Uno puede no comulgar con la comercialización de la idea del amor que se propaga cada catorce de febrero. Hay montones de mitos e historias con la misma trama: compañías inventándose una efeméride para superar la cuesta de enero. Tendrán razón en la mayoría de los casos: el amor está en otro lado. No en la tarjeta colorada física o virtual y trillada hasta el hartazgo, ni en esos osos o perros o animales hechos muy ingeniosamente de flores. Tampoco en los menús románticos con esos postres a los que se les vacía un licor caliente para revelar maravillas azucaradas. El amor no está allí, no radica en el ticket de lo que cueste todo eso sino en quien empeña su tiempo y devoción en ello.
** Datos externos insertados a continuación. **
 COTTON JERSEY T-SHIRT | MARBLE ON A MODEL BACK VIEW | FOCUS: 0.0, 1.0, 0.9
Más allá de catalogar aquello que se comercializó hasta la náusea exprimiéndole el poco contenido original o amoroso que pudiese tener, démonos el lujo de reparar un momento en qué es el amor como sustancia, como dinámica social, como todo lo que está bien en el multiverso y es tan cierto como las matemáticas. ¿Lo será? La escuela filosófica posmoderna del constructivismo dirá que el amor, como todo lo que amuebla nuestra realidad es una construcción social. ¡Vaya bajón en San Valentín! El amor no existe, sino que nos lo inventamos. Más allá del disgusto por rompernos esa burbuja de amor hollywoodense o final Disney, pensar en el amor como un invento humano tiene una belleza cósmica.
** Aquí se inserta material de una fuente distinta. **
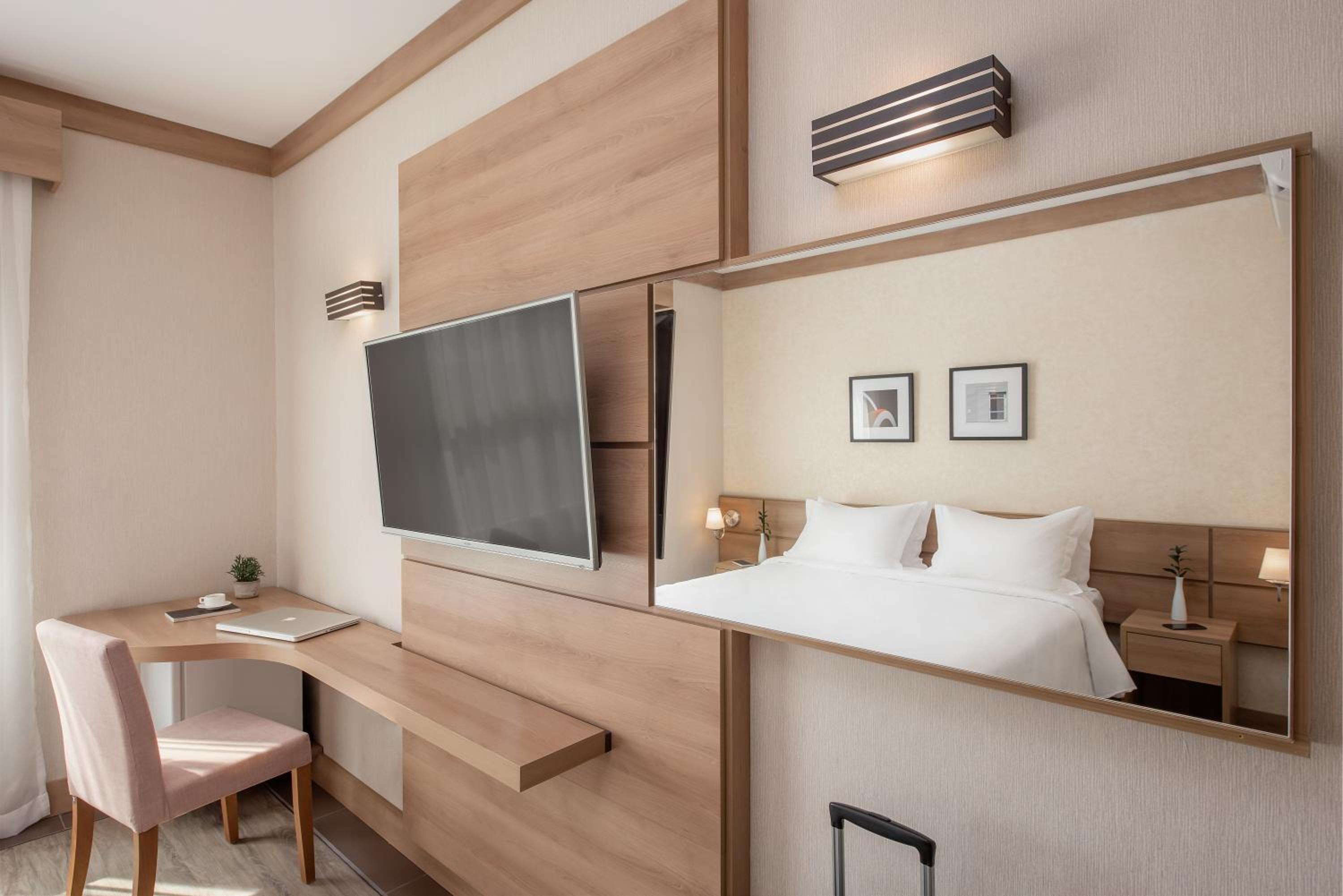 Standard Double - 1 Double Bed - Photo 2
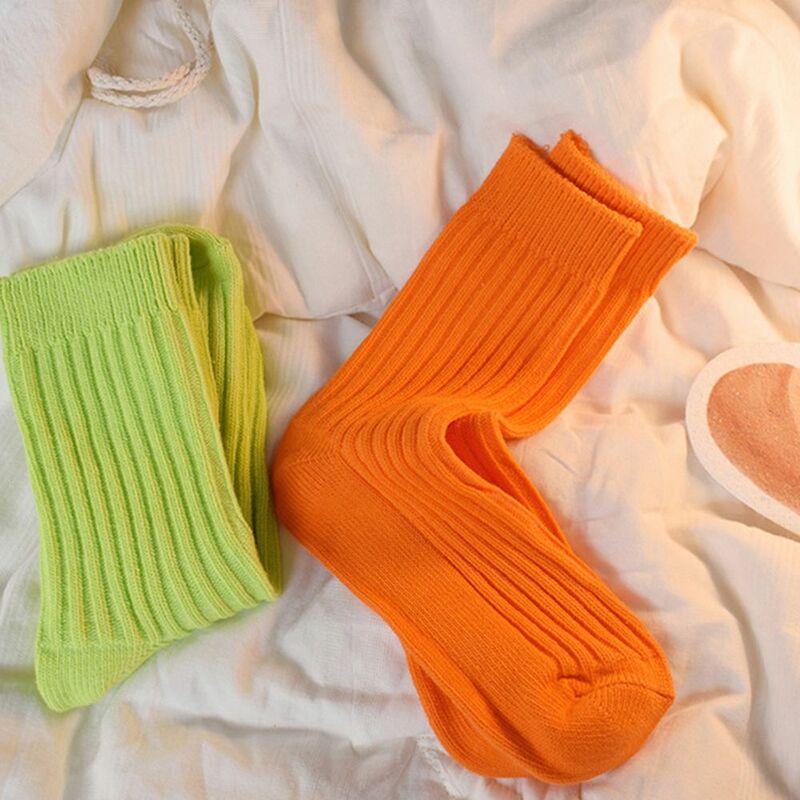 Cute Retro Trendy Winter Cotton Men Knit Calf Socks calze da donna calze a tubo centrale tinta unita calze sportive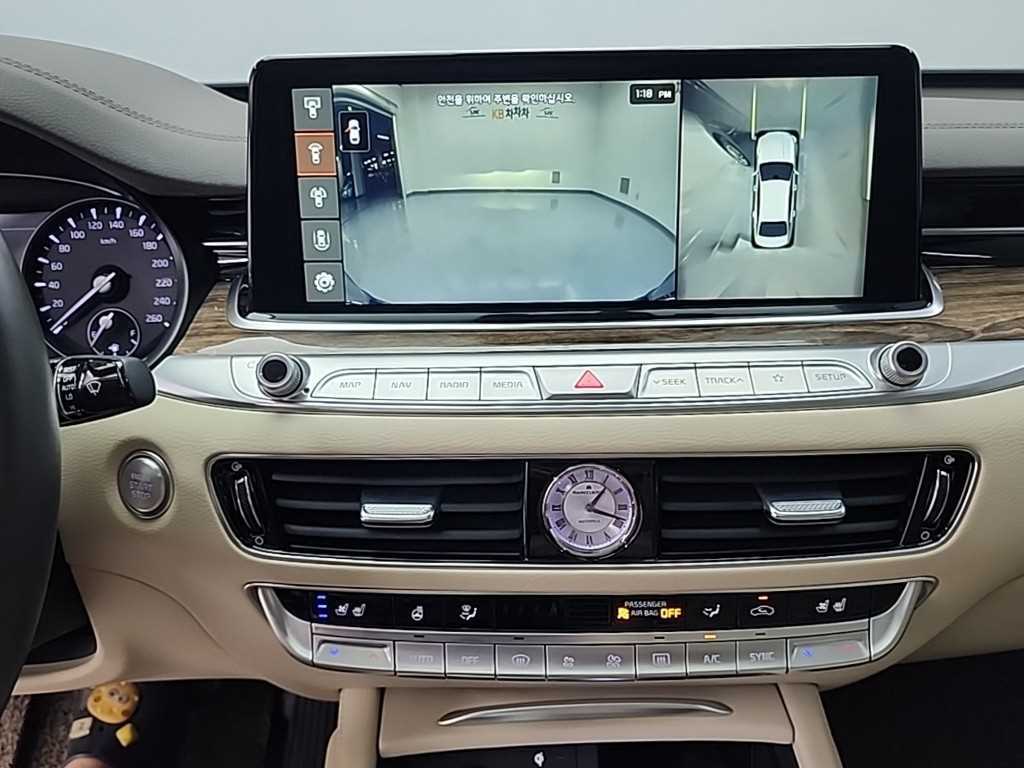 KIA K9 - Vista 10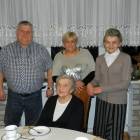 Stefania Kryszewska z Urszulą i Wojciechem Dunstami oraz Janiną Drewing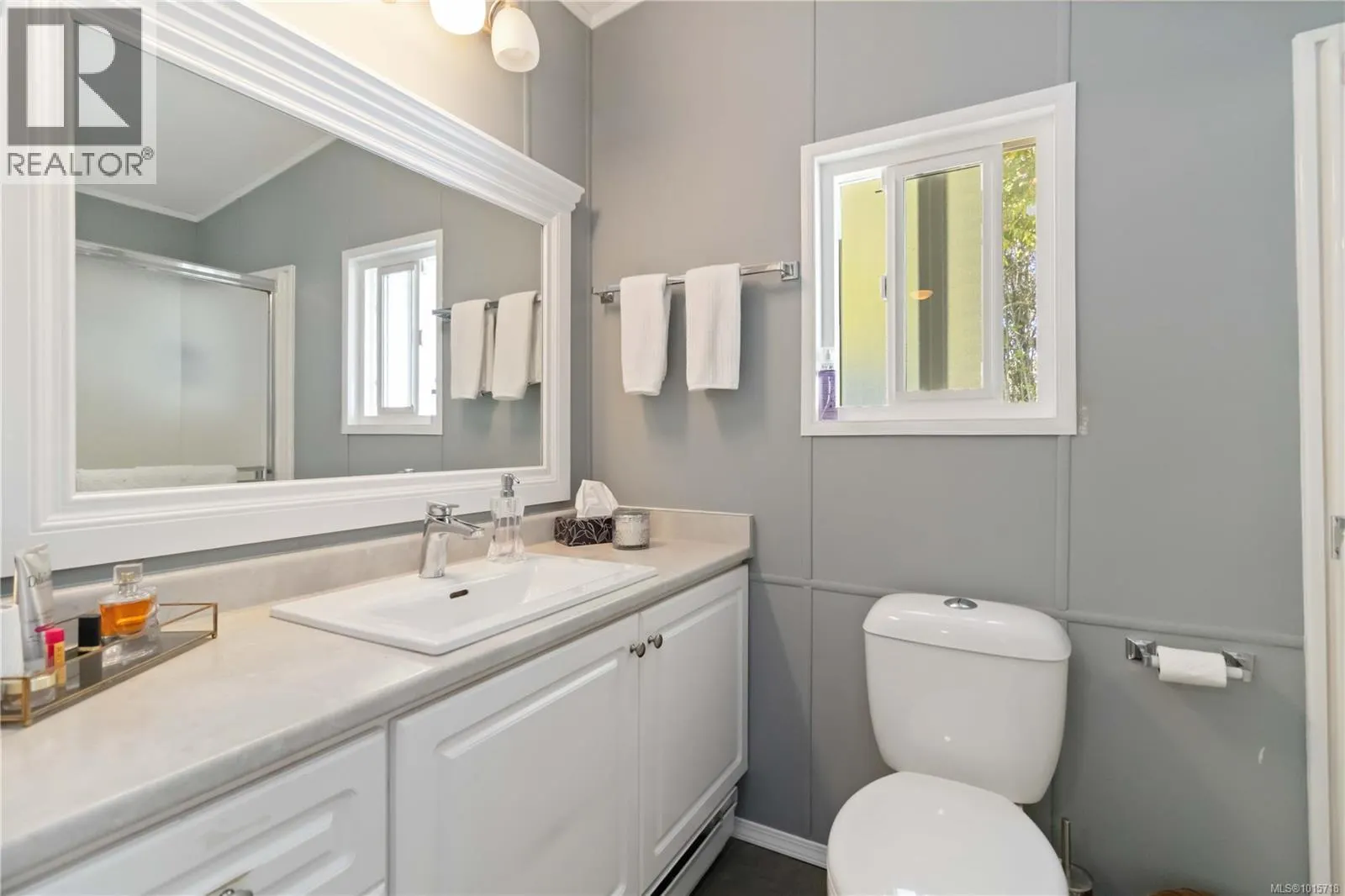 5 7509 Central Saanich Rd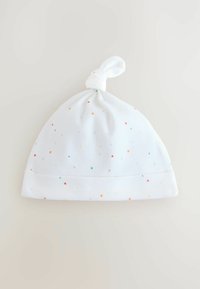 Béret en coton blanc pour bébé avec un sommet noué et des motifs d'étoiles multicolores éparpillés, avec un rebord replié à la base.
Estamparle nuestros sentimientos a otra entidad, sentir que cualquier viaje es mejor acompañado y creérnosla en colectivo es una invención maravillosa. Pasar de la necesidad de sobrevivir como especie al gusto por despertar y no despertar en absoluta soledad es una construcción social de una complejidad increíble y bonita. Todavía nos dimos el lujo como humanidad de usar la música para cantarle a ese invento, de tomar un pedazo de cartón y recortarle los ventrículos y arterias al corazón para hacer un vehículo más estéticamente armonioso de esa idea invencible que no existía propiamente hasta que la nombramos, como apuntaría el constructivismo.
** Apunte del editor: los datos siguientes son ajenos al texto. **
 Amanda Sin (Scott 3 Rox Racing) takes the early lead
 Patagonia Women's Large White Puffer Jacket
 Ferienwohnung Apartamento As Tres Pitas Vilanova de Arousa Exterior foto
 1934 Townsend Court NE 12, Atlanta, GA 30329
Si le faltara brillo a este invento, podemos complejizarlo todavía más y desdecirnos en la noción de que los humanos creamos el amor. En una canción bellísima que va de un sonido grave y cavernoso hasta una orquesta explotando amorosamente Jorge Drexler se ha dado el lujo de cantar que la idea revolucionaria del amor y el sexo surgió en la era del Mesoproterozoico . Luego explica que cuando, casi por serendipia, un par de células y -no un par de humanos- se juntaron en vez de dividirse fraguaron de una vez y para siempre el plan maestro para sobrevivir y, de paso, ser feliz en el camino. ¡Y uno que pensaba que era difícil meter en un verso la palabra “oreja” y hacerla sonar poética!
No sobra asombrarnos ante semejante idea y dar de brincos. Celebrar el amor no nos hace frívolos en un mundo patas arriba. Porque especialmente cuando el agua nos llega al cuello y el frío nos cala los huesos, el amor toma forma de bote salvavidas. Hoy que todo arde, se descompone, se pervierte y se vuelve posverdad y mentira, no está de más sacar de la vitrina donde están los platos de lujo ese invento que nos tiene juntos, a pesar de todo.
Claro que uno no necesita un recuadro en el calendario que nos recuerde aquella hazaña simbiótica y microscópica que nos tiene hoy comprando chocolates de formas insólitas, pero a veces sí que necesita uno reparar en ello. Y ese remanso en el que caemos en cuenta de la magnitud del amor como invento hace que valgan la pena las hordas de osos hechos con flores flotando en una parvada de globos de colores metálicos y serpentina cargando letreros con los mensajes más trillados que ha visto el planeta en su trajín, aunque el amor esté en otro lado.